2. Dampak terhadap daya beli masysarakat
Kenaikan PPN diperkirakan akan berpengaruh signifikan terhadap daya beli masyarakat, terutama kelas menengah dan bawah. Pengamat ekonomi seperti Eko Listyanto dan Ronny P Sasmita menyatakan bahwa kenaikan pajak ini dapat menggerus konsumsi masyarakat, memperlambat pertumbuhan ekonomi, dan meningkatkan inflasi. Kenaikan harga barang dan jasa akibat PPN yang lebih tinggi dapat membuat masyarakat lebih selektif dalam pengeluaran mereka.
3. Penurunan pertumbuhan ekonomi
Kenaikan tarif PPN akan menyebabkan harga barang dan jasa meningkat, yang pada gilirannya akan mengurangi daya beli masyarakat. Beberapa ekonom memperkirakan bahwa kenaikan PPN akan menekan pertubuhan ekonomi indonesia. Dengan harga yang lebih tinggi, konsumen akan lebih berhati-hati dalam pengeluaran mereka, terutama untuk barang-barang non-primer. Penurunan daya beli dapat mengurangi konsumsi rumah tangga, yang merupakan komponen penting dari Produk Domestik Bruto (PDB). Jika konsumsi menurun, maka produksi perusahaan juga akan terpengaruh, berpotensi menyebabkan Pemutusan Hubungan Kerja (PHK) dan peningkatan angka pengangguran.
Respon Masyarakat dan Ekonom
Respon masyarakat terhadap rencana kenaikan Pajak Pertambahan Nilai (PPN) menjadi 12% mulai Januari 2025 cenderung negatif, dengan banyak warga yang khawatir akan dampaknya terhadap daya beli mereka. Banyak konsumen, terutama dari kalangan menengah ke bawah, merasa terbebani oleh kemungkinan kenaikan harga barang dan jasa yang diakibatkan oleh tarif PPN yang lebih tinggi. Mereka mengungkapkan kekhawatiran bahwa meskipun pemerintah beralasan bahwa kenaikan ini bertujuan untuk meningkatkan penerimaan negara dan mendukung pembangunan, dampak langsungnya adalah peningkatan biaya hidup yang signifikan. Beberapa orang bahkan mulai melakukan gerakan boikot belanja dan mengurangi pengeluaran sehari-hari sebagai bentuk protes terhadap kebijakan ini.

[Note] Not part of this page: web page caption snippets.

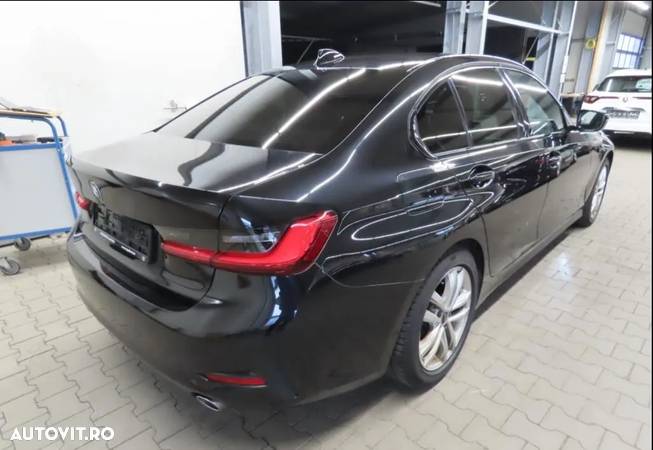 BMW Seria 3 318d Aut. Sport Line - 3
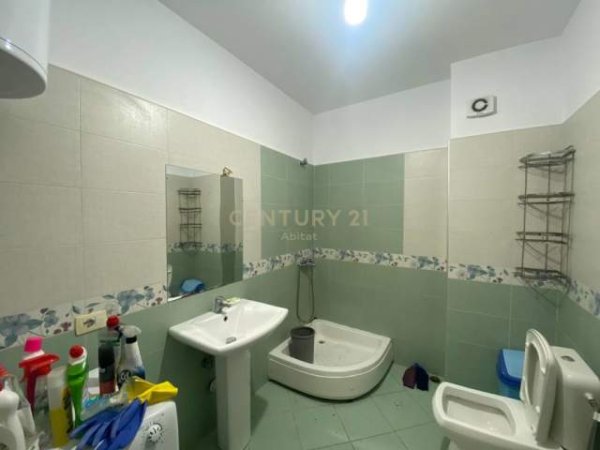 Tirane, jepet me qera apartament 1+1+BLK Kati 2, 70 m² 350 Euro (Don Bosco Tirane)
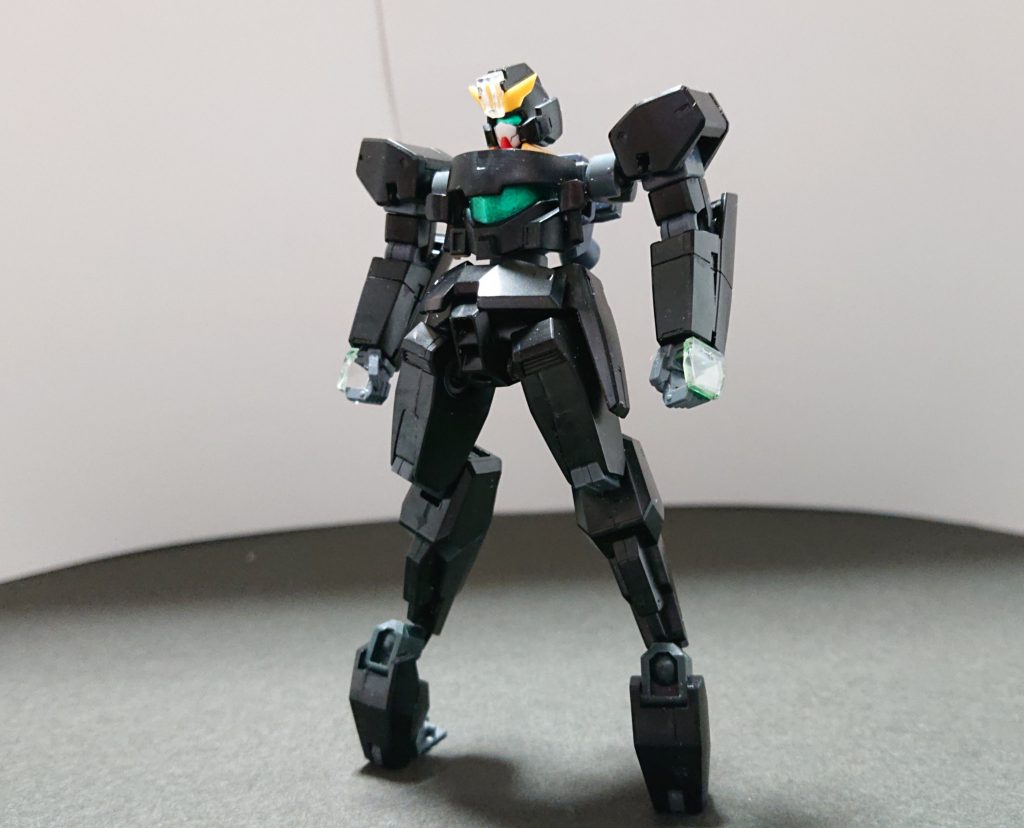 自作量産機レグの後期発展型と言う設定で制作。 顔部分をヤスリ掛けして目をバイザー風にし口のへの字を消して量産機らしい顔にしました。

Di sisi lain, para ekonom juga memberikan keprihatinan mereka tentang kebijakan ini. Mereka menekankan bahwa di bawah kondisi ekonomi yang masih belum pulih pasca pandemi, kebijakan dari peningkatan PPN malah akan memperburuk kondisi perekonomian dan mengurangi khasanah domestik. Sebagai contoh, ekonom dari INDEF dan CORE Indonesia merekomendasikan bahwa pemerintah sebaiknya menunda kenaikan PPN hingga kondisi ekonomi warga membaik. Mereka berpendapat bahwa pada kondisi seperti saat ini, berarti ini bukan waktu yang tepat untuk menaikkan pajak, sebab hal ini bisa menurunkan daya beli masyarakat dan memperlambat pertumbuhan ekonomi keseluruhan.

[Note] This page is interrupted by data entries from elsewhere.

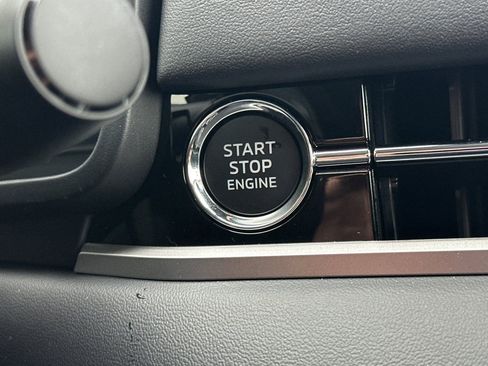 New 2026 Mitsubishi Outlander SE image 21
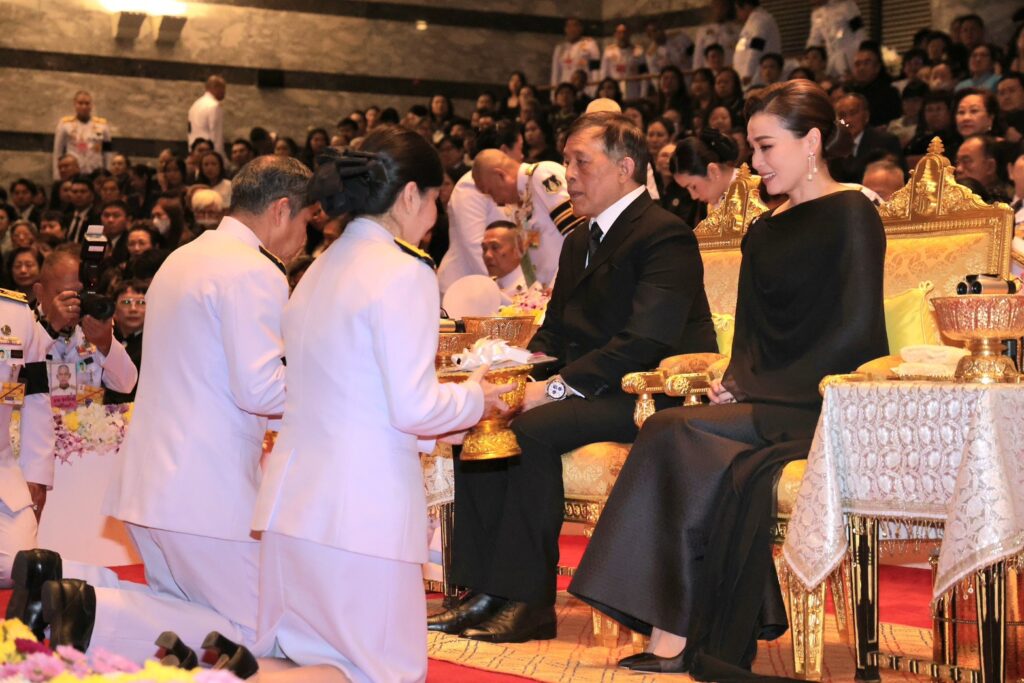 ในหลวง-พระราชินี
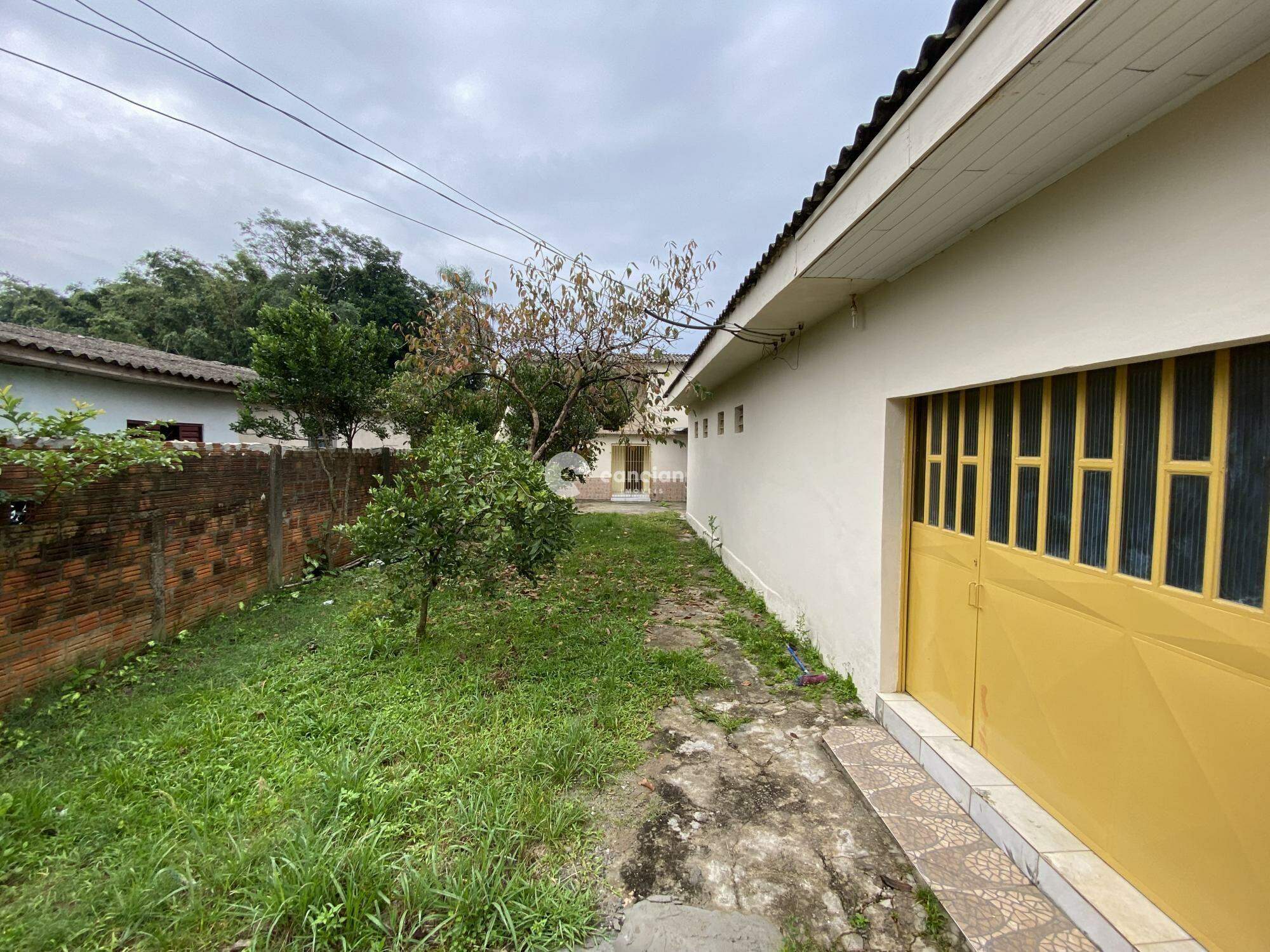 Casa à venda no Juscelino Kubitschek:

Sebagai alternatif terhadap rencana kenaikan Pajak Pertambahan Nilai (PPN) menjadi 12%, pemerintah dapat mempertimbangkan untuk menerapkan kebijakan perpajakan yang lebih progresif, seperti meningkatkan pajak pada barang-barang mewah dan produk yang tidak esensial, sambil mempertahankan tarif  PPN pada barang dan jasa pokok. Selain itu, pemerintah juga bisa fokus pada penguatan sistem perpajakan yang ada dengan memperbaiki administrasi perpajakan dan mengurangi kebocoran pajak, sehingga dapat meningkatkan penerimaan tanpa membebani masyarakat secara langsung. Pemberian insentif pajak bagi usaha kecil dan menengah (UKM) serta program bantuan sosial untuk kelompok rentan juga bisa menjadi langkah strategis untuk menjaga daya beli masyarakat. Dengan pendekatan ini, pemerintah dapat tetap mencapai target pendapatan negara tanpa menambah beban pada masyarakat yang sudah menghadapi tantangan ekonomi. Sebagian ekonom juga barpendapat agar pemerintah mempertimbangkan insentif atau subsidi untuk membantu masyarakat kelas menengah dan bawah agar tidak terlalu terbebani oleh kenaikan pajak. Hal ini dinilai penting untuk menjaga daya beli masyarakat dan mendukung pertumbuhan ekonomi.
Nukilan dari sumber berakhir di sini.